-------- Extracted material --------

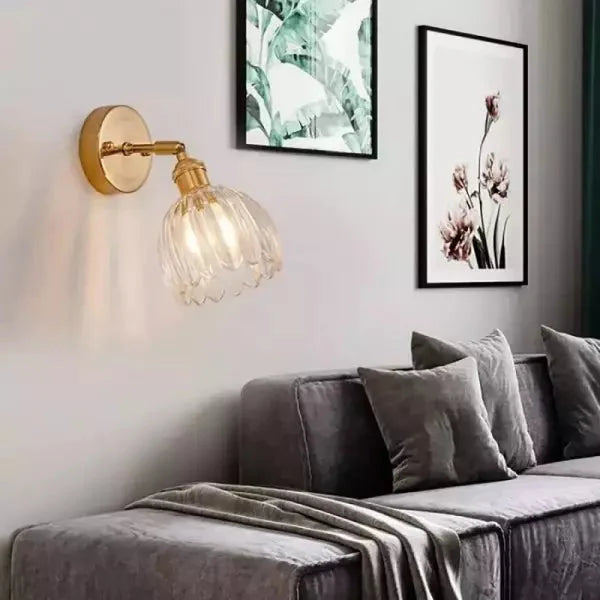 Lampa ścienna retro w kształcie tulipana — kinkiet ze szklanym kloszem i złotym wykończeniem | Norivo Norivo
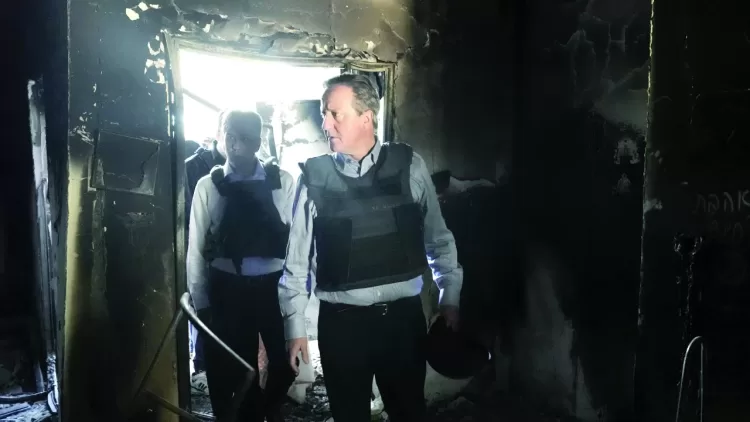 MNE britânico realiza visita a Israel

--------
-------- Extracted material --------

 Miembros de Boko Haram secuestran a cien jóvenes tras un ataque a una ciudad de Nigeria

--------
-------- Extracted material --------

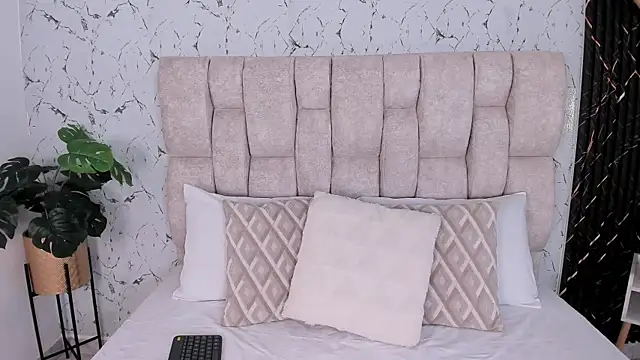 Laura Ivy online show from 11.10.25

--------

**Task prompt**. Both the line containing "Lampa ścienna retro" and the line containing "MNE britânico realiza visita a Israel" above belong in the output, as do the lines between them. Print them exactly, without pictures.

**Answer to the exercise**.
 Lampa ścienna retro w kształcie tulipana — kinkiet ze szklanym kloszem i złotym wykończeniem | Norivo Norivo
 MNE britânico realiza visita a Israel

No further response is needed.